Bug 1292858

Summary: pcs should timeout during network requests
Product: Red Hat Enterprise Linux 7 Reporter: Chris Feist <cfeist>
Component: pcsAssignee: Ondrej Mular <omular>
Status: CLOSED ERRATA QA Contact: cluster-qe <cluster-qe>
Severity: unspecified Docs Contact:
Priority: medium    
Version: 7.3CC: cfeist, cluster-maint, idevat, mlisik, rsteiger, tojeline, vlad.socaciu
Target Milestone: rc   
Target Release: ---   
Hardware: Unspecified   
OS: Unspecified   
Whiteboard:
Fixed In Version: pcs-0.9.156-1.el7 Doc Type: If docs needed, set a value
Doc Text:
Story Points: ---
Clone Of: Environment:
Last Closed: 2017-08-01 18:22:57 UTC Type: Bug
Regression: --- Mount Type: ---
Documentation: --- CRM:
Verified Versions: Category: ---
oVirt Team: --- RHEL 7.3 requirements from Atomic Host:
Cloudforms Team: --- Target Upstream Version:
Embargoed:
Bug Depends On:    
Bug Blocks: 1334429, 1395959    

Description Chris Feist 2015-12-18 14:51:59 UTC
Description of problem:
If pcs connects to a remote node, but it hangs or doesn't respond, then 'pcs status' will hang.  We should probably have some sane timeouts (and error messages) if this happens.

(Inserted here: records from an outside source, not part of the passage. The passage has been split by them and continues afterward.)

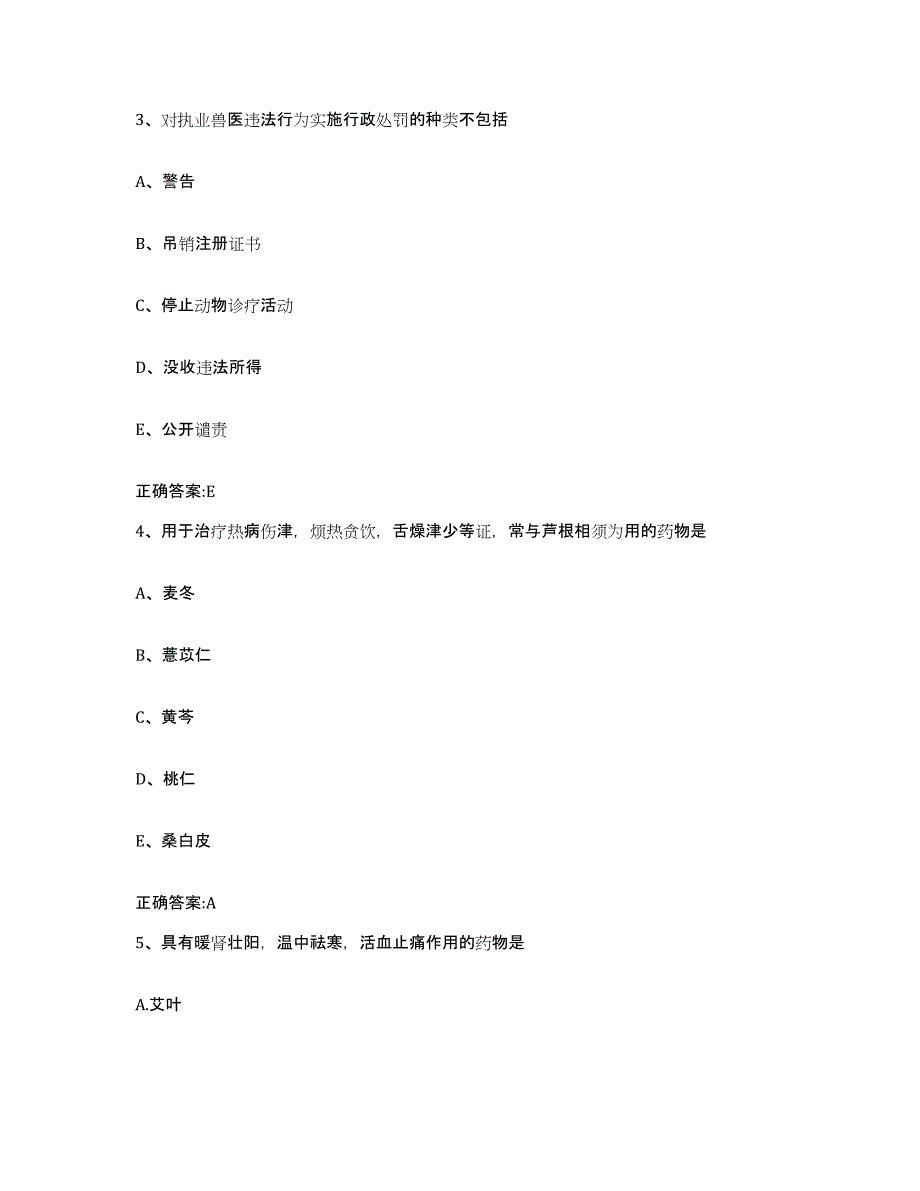 2023-2024年度河北省沧州市任丘市执业兽医考试题库练习试卷B卷附答案_第2页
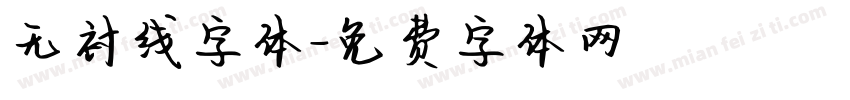 无衬线字体字体转换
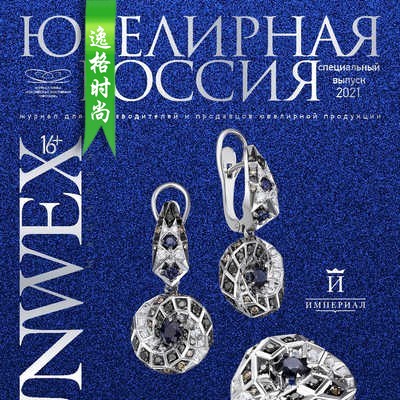 Junwex 俄罗斯珠宝首饰杂志11-12月号 N96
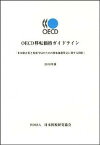 【中古】OECD移転価格ガイドライン 多国籍企業と税務当局のための移転価格算定に関する指 2010年版 /日本租税研究協会（単行本）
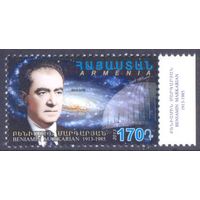 Армения 2013 наука космос Маркарян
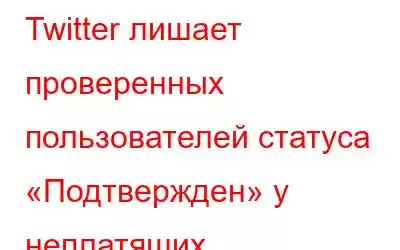 Twitter лишает проверенных пользователей статуса «Подтвержден» у неплатящих пользователей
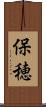 保穂 Scroll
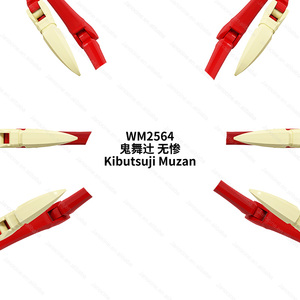 <span class=keywords><strong>Mini</strong></span> Bloques de Construcción para Niños, Demon Slayer, Minifiguras, Juguetes de Dibujos Animados, Regalo para Niños, WM6116 WM6137 WM6138 - Product Image 3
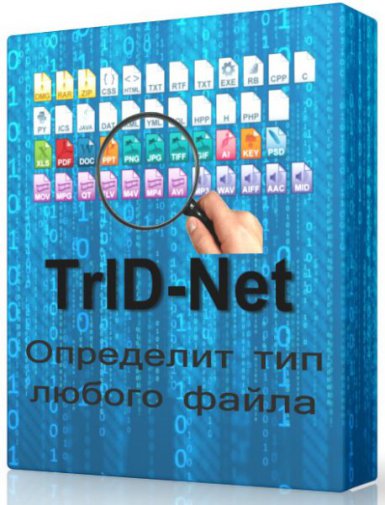 TrIDNET 1.95 - распознает тип любого файла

This was original discovered with an MTU mismatch, so the opening TCP connection to pcs succeeded, but no other packets could get through.

So when running 'pcs status' the status just hung where pcsd was being queried.

Comment 5 Ondrej Mular 2017-02-03 16:19:11 UTC
upstream patches:
https://github.com/ClusterLabs/pcs/commit/076b8b6ea473835810596f967bef41d7cf1f
https://github.com/ClusterLabs/pcs/commit/731127b8cfffd29c8546bd4a8a461f7aade5

New parameter --request-timeout has been added to pcs.

TEST:
2 node cluster: rhel7-node1 rhel7-node2
Block port 2224 (pcsd) on rhel7-node2
[root@rhel7-node2 ~]# iptables -I OUTPUT -p tcp --dport 2224 -j DROP
[root@rhel7-node2 ~]# iptables -I INPUT -p tcp --dport 2224 -j DROP

Then try to run some commands on rhel7-node1 (they should timed out instead of hang):
[root@rhel7-node1 ~]# pcs cluster auth rhel7-node2 -uhacluster --request-timeout=3
Password: 
Error: Operation timed out
Error: Unable to communicate with rhel7-node2

[root@rhel7-node1 ~]# pcs stonith sbd status --request-timeout=3
Warning: rhel7-node2: Connection timeout (Connection timed out after 3001 milliseconds)
Warning: Unable to get status of SBD from node 'rhel7-node2'
SBD STATUS
<node name>: <installed> | <enabled> | <running>
rhel7-node1:  NO |  NO |  NO
rhel7-node2: N/A | N/A | N/A

Comment 7 Ivan Devat 2017-02-20 08:19:28 UTC
After Fix:

[vm-rhel72-1 ~] $ rpm -q pcs
pcs-0.9.156-1.el7.x86_64

[vm-rhel72-1 ~] $ pcs stonith sbd status --request-timeout=3
Warning: vm-rhel72-3: Connection timeout (Connection timed out after 3001 milliseconds)
Warning: Unable to get status of SBD from node 'vm-rhel72-3'
SBD STATUS
<node name>: <installed> | <enabled> | <running>
vm-rhel72-1: YES |  NO |  NO
vm-rhel72-3: N/A | N/A | N/A

Comment 9 Tomas Jelinek 2017-02-20 13:53:54 UTC
*** Bug 1395959 has been marked as a duplicate of this bug. ***

Comment 12 errata-xmlrpc 2017-08-01 18:22:57 UTC
Since the problem described in this bug report should be
resolved in a recent advisory, it has been closed with a
resolution of ERRATA.

For information on the advisory, and where to find the updated
files, follow the link below.

If the solution does not work for you, open a new bug report.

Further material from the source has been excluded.